Local businesses add to pressure on Amsterdam to clean up sex and drugs reputation
Eight Amsterdam employers organisations have joined forces in an effort to persuade the city council to radically reform the city’s image as a haven for sex and drugs, adding further pressure on officials to make major changes.
In particular, city officials should act to tackle the window brothels in the red light district and to radically change the policy on cannabis cafes, both as a matter of urgency, the organisations say in an open letter to the city’s mayor Femke Halsema.
Coronavirus virtually closed down the red light district for several months, and in May Geerte Udo, chief executive of city marketing agency Amsterdam&partners, told DutchNews.nl that the city is aiming to build a new tourist industry that is socially, economically and ecologically ‘sustainable’.
Indeed the city council has been talking for some time about how best to tackle the problems caused by budget tourists, including moving brothels out of town. However, officials have yet to publish any concrete proposals to upgrade tourism, and in the summer, the red light district was again a haven for tourists on a budget looking for a good time.
‘We have seen what happens if we do nothing,’ said Hans Bakker, regional chief of employers organisation VNO-NCW told the Parool. ‘The first to arrive are the drugs tourists from neighbouring countries, with the excessive numbers and problems that causes.’
‘More and more people are coming to the Amsterdam who have no respect for the city and are only looking out for number one,’ he said.
The employers organisations have now drawn up a 10 point priority list, which includes a total ban on holiday rentals such as Airbnb, focused campaigns targeting congresses and ‘quality’ tourists, and money to pay for more street wardens.
Locals
City centre residents published their own vision for the future of the city centre in May, which calls on officials to uphold the ban on holiday rentals and to close down illegal hotels. Cannabis cafes, they say, should only be open to residents. There should be fewer music festivals and a ban on ‘amusement park’ activities such as beer bikes, water bikes, segways and the like.
Moving the red light district
In addition, the city, as a shareholder in Schiphol airport, should pressure for a reduction in holiday traffic, the locals’ plan said.
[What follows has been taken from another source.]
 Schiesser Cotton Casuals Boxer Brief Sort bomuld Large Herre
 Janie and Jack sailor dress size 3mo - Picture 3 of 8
Mini supermarkets should be banned from selling alcohol and the sex industry should be moved in its entirety to a hotel in a different location.
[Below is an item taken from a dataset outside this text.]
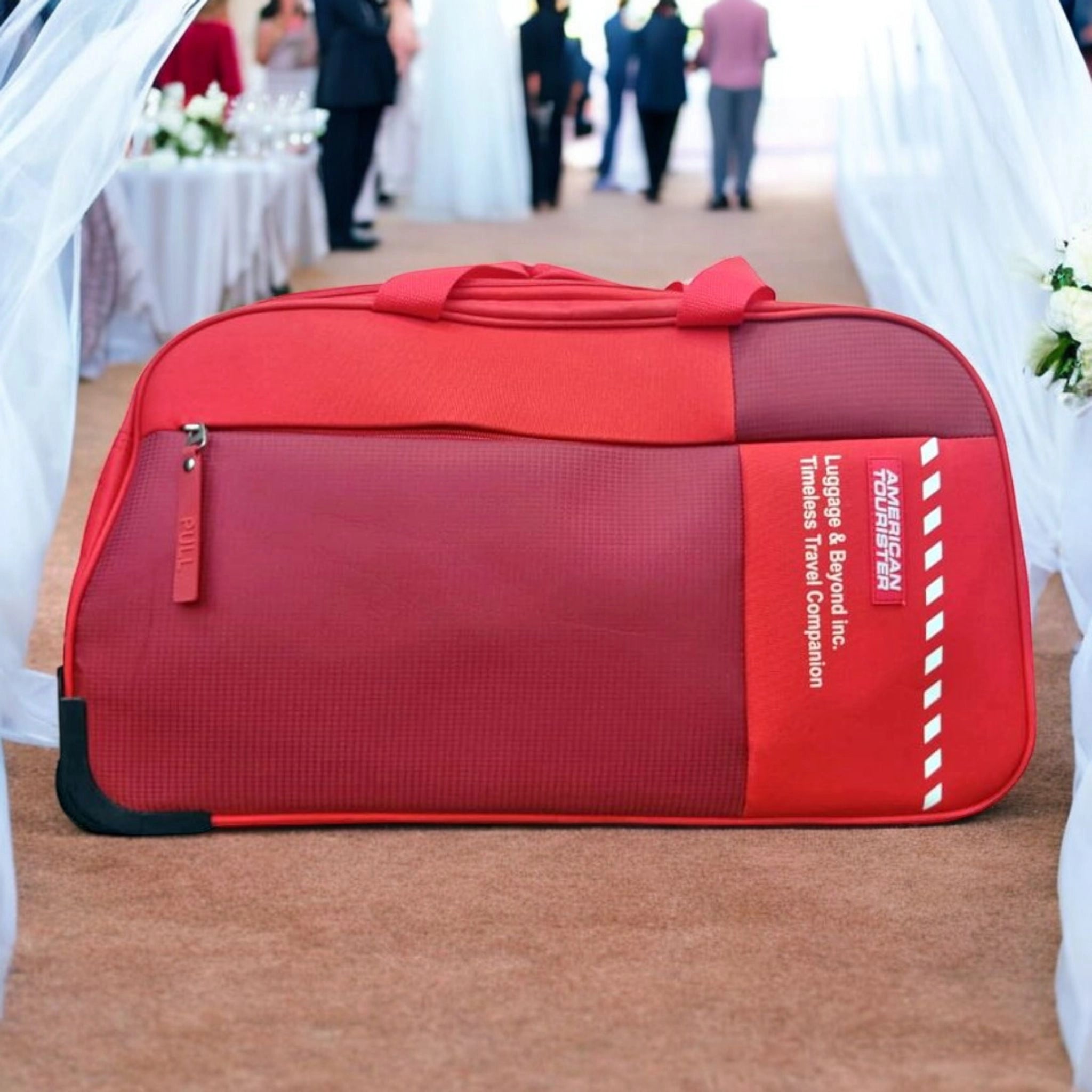 American Tourister Trolley Duffel Bag | Lightweight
Moving the red light district is one of the options which mayor Femke Halsema has already mooted. And earlier this year, a report drawn up by city officials suggested that a special room rental complex for prostitutes or an ‘erotic centre’ complete with prostitution, sex theatres and other facilities are the two most likely options on the table.
DutchNews.nl also revealed last month that political pressure is mounting on the city’s coalition to agree to ban non-residents from the city’s cannabis cafes, or coffee shops.
The city earlier banned holiday rentals in most of the medieval centre. Organised tours of the Wallen district have been banned, and no new shops focusing on tourists are permitted.
Tourists
A survey by the city’s statistics department O&S in February showed that a third of the tourists questioned said that if they were no longer allowed into coffee shops, they would visit Amsterdam less frequently – and 11% would not come at all.
One third of the British tourists said that coffee shops were their main reason to come to Amsterdam – and they were more likely (42%) to say they would come less frequently if only local residents could buy cannabis.